Key Takeaways
- SWE-bench became the de facto standard for AI coding agent evaluation following Cognition's Devin launch in October 2023.
- The SWE-bench ecosystem has expanded significantly, now including multilingual and multimodal versions across 9 languages and 40 repositories.
- New benchmarks like Code Clash are emerging to evaluate long-horizon AI agent development and competitive programming in diverse arenas.
- The field of code evaluation is seeing a proliferation of specialized benchmarks, addressing areas from code optimization to security and user simulation.

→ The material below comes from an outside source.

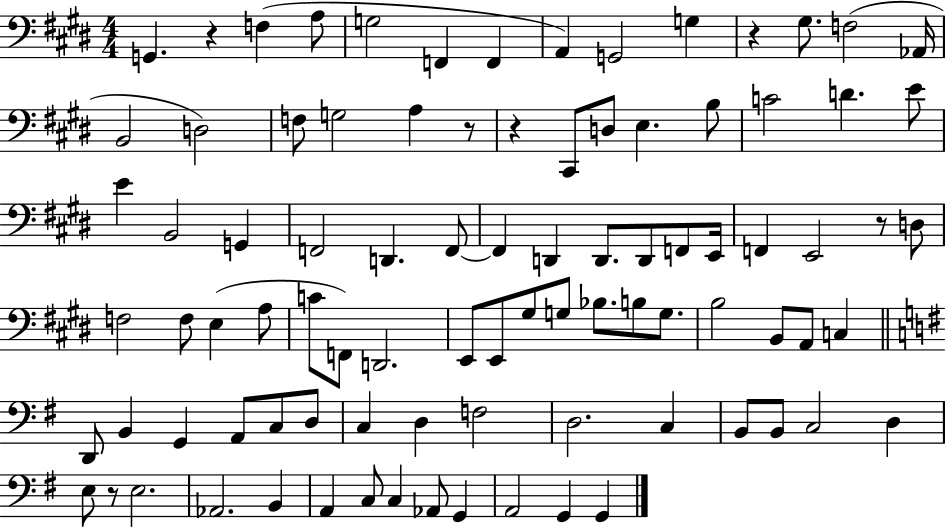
G2/q. R/q F3/q A3/e G3/h F2/q F2/q A2/q G2/h G3/q R/q G#3/e. F3/h Ab2/s B2/h D3/h F3/e G3/h A3/q R/e R/q C#2/e D3/e E3/q. B3/e C4/h D4/q. E4/e E4/q B2/h G2/q F2/h D2/q. F2/e F2/q D2/q D2/e. D2/e F2/e E2/s F2/q E2/h R/e D3/e F3/h F3/e E3/q A3/e C4/e F2/e D2/h. E2/e E2/e G#3/e G3/e Bb3/e. B3/e G3/e. B3/h B2/e A2/e C3/q D2/e B2/q G2/q A2/e C3/e D3/e C3/q D3/q F3/h D3/h. C3/q B2/e B2/e C3/h D3/q E3/e R/e E3/h. Ab2/h. B2/q A2/q C3/e C3/q Ab2/e G2/q A2/h G2/q G2/q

- A key tension exists between developing fully autonomous AI agents and integrating interactive human-AI collaboration for software engineering tasks.
Deep Dive
- SWE-bench, initially released in October 2023, gained industry prominence after Cognition's Devin launch, with Cognition contacting John Yang two weeks prior to their announcement.
- The benchmark ecosystem expanded to include SWE-bench Verified, an independent SWE-bench Pro, and new multilingual and multimodal versions.

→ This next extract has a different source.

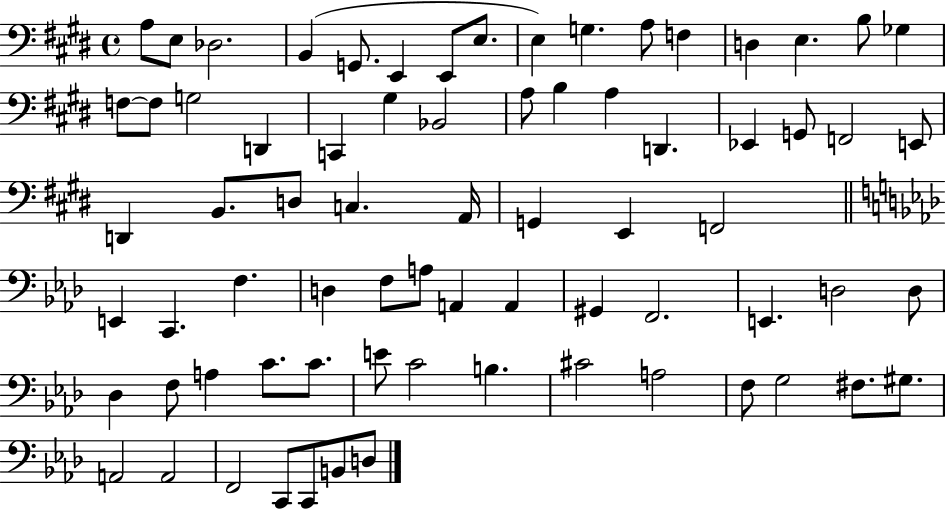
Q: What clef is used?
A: bass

- These expanded versions cover nine programming languages across 40 repositories, moving beyond the original Django-heavy focus.
- The guest considers the independent SWE-bench Pro a 'great benchmark' despite its unauthorized use of the name.

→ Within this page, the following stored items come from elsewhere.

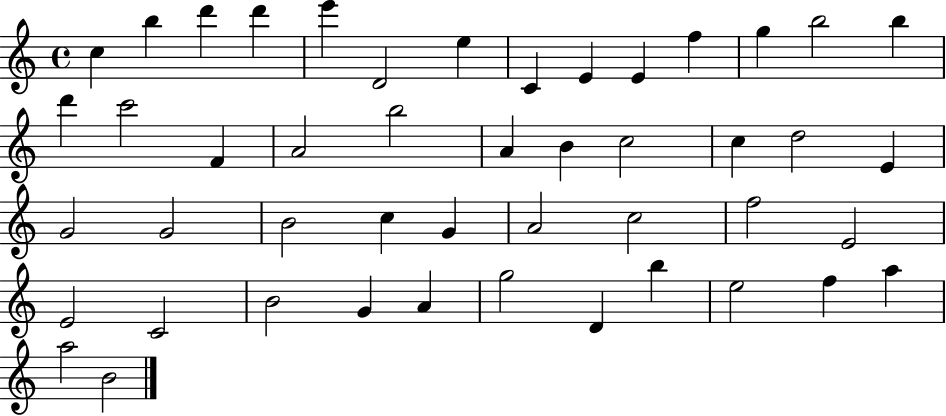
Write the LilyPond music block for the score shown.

{
  \clef treble
  \time 4/4
  \defaultTimeSignature
  \key c \major
  c''4 b''4 d'''4 d'''4 | e'''4 d'2 e''4 | c'4 e'4 e'4 f''4 | g''4 b''2 b''4 | \break d'''4 c'''2 f'4 | a'2 b''2 | a'4 b'4 c''2 | c''4 d''2 e'4 | \break g'2 g'2 | b'2 c''4 g'4 | a'2 c''2 | f''2 e'2 | \break e'2 c'2 | b'2 g'4 a'4 | g''2 d'4 b''4 | e''2 f''4 a''4 | \break a''2 b'2 | \bar "|."
}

- Code Clash is a new benchmark for long-horizon development, where AI agents maintain and improve their own codebases through multiple rounds of programming tournaments.
- Tournaments utilize diverse arenas, including the classic Halite game and economically valuable tasks, to evaluate agent codebases using an LM judge or task performance.
- SWE-ficiency, developed by Jeffrey Maugh, focuses on optimizing code performance through techniques like parallelization and SIMD operations without altering behavior.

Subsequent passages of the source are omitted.